As for the prohibition against usury, that is, investments in unethical or immoral sectors such as alcohol, gambling and pornography, it should be noted that other major world religions including Christianity, Judaism, Buddhism and Hinduism also impose this restriction. Many non-Muslims abstain from investing in such businesses as well, whether as a matter of religious, cultural or personal principle.
Even the Vatican’s official newspaper Osservatore Romano has some nice words to say about Islamic finance. “The ethical principles on which Islamic finance is based may bring banks closer to their clients and to the true spirit which should mark every financial service.”
The Islamic banking sector is witnessing an increased number of non Muslim customers/users since the last decade. At Kuwait Finance House’s Malaysian unit, 40 percent of the depositors and 60 percent of its borrowers are non-Muslims. Not just that, In a survey conducted by independent research company, 2Europe, on behalf of Islamic Bank of Britain, in August 2013. The Bank estimates that for the period 1st December 2012 – 1st December 2013, 87% of applications for its Fixed Term Deposit Accounts were from non-Muslim customers.
Since the inception of its Islamic finance banking operations in 1998, HSBC has been a pioneer in the Sharia compliant capital markets industry. HSBC has developed particular expertise and driven innovation in the structuring and issuance of Islamic bonds (Sukuk) and is one of the largest underwriters of Sukuk globally.

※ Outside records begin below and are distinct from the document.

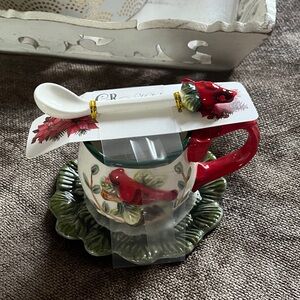 NWT Cardinal Themed Mug and Spoon Set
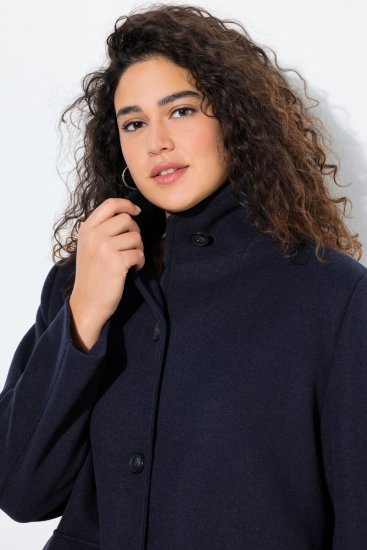 Ulla Popken 843058 Manteau en laine Bleu marine - Manteaux - Manteaux femme grande taille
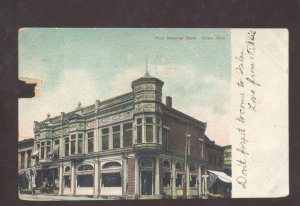 NILES OHIO DOWNTOWN FIRST NATIONAL BANK 1907 YOUNGSTOWN OH. VINTAGE POSTCARD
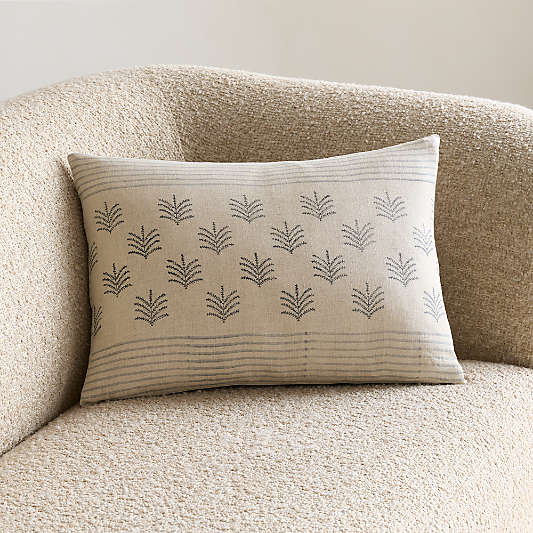 Mira Linen 22"x15" Blue Reversible Hand PrintedThrow Pillow Cover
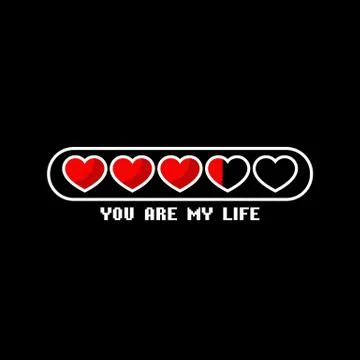 Valentine's Day status bar with flat hearts 스톡 일러스트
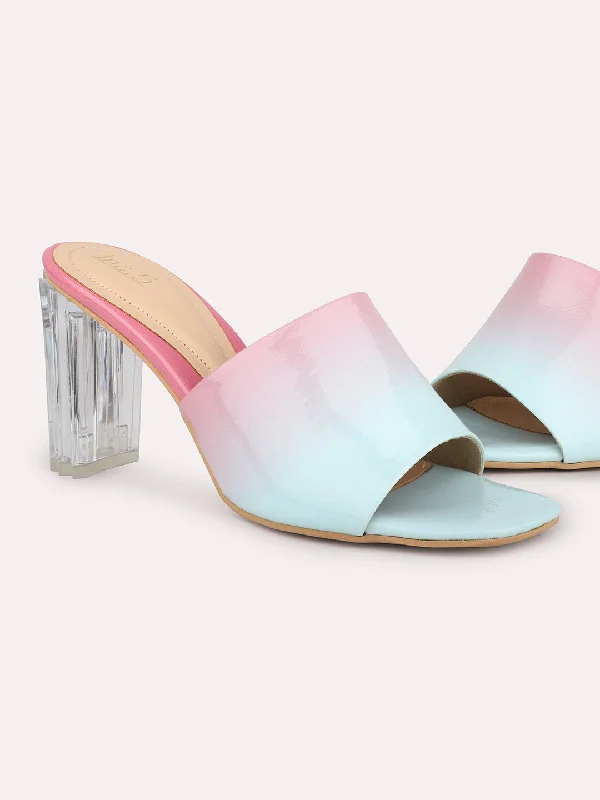 Casual sandals for women with lightweight construction and adjustable ankle straps-Women Blue & Pink-Coloured Printed Block Heels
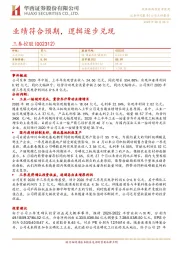 业绩符合预期，逻辑逐步兑现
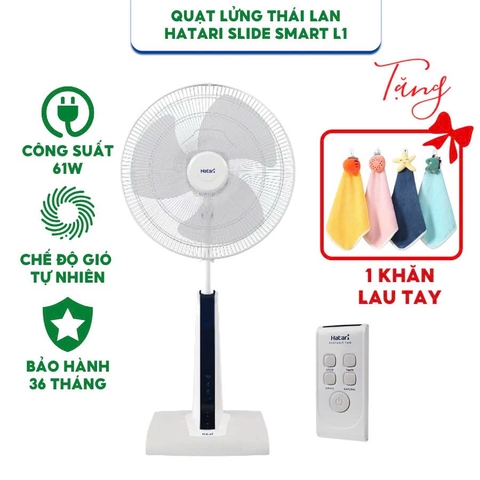 Quạt lửng Thái Lan Hatari Slide Smart L1 có Điều khiển, Cảm ứng sải cánh 450mm - Hàng chính hãng bảo hành 36 tháng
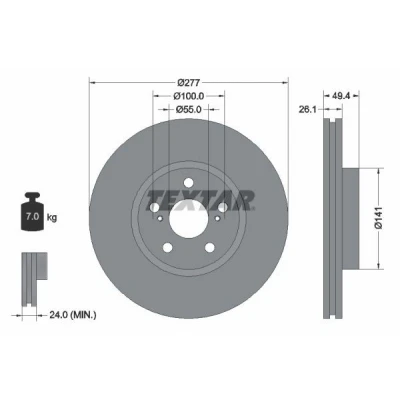 Bilde av TEXTAR PRO 92135503 Bremseskiver 277 26 05/07 100 innvendig ventilert belagt uten hjulfestebolt, hjulnav TOYOTA: Avensis II Station Wagon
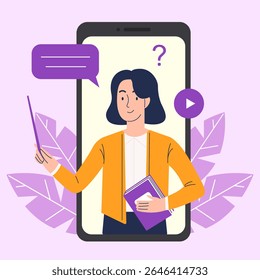Educação online em um smartphone. Uma professora conduz uma lição em um smartphone. Conceito de aprendizagem online. Ilustração vetorial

“More than 20 international banks operating in the UK are working in Islamic finance. Six of these are fully Sharia compliant, more than any other country in Europe.” – UK Excellence in Islamic finance.
“It’s about respecting the interests of the different parties, avoiding taking advantage of any situation of any counterpart and putting in place fair treatment” explains Rasheed Mohammed al-Maraj, governor of the central bank of Bahrain.
An ever growing demand for transparent, sustainable and ethical investments and fund management are itself a leading cause of growth in Islamic finance sector. Islamic finance is centuries-old practice that is gaining recognition throughout the world and whose ethical nature is even drawing the interest of non-Muslims.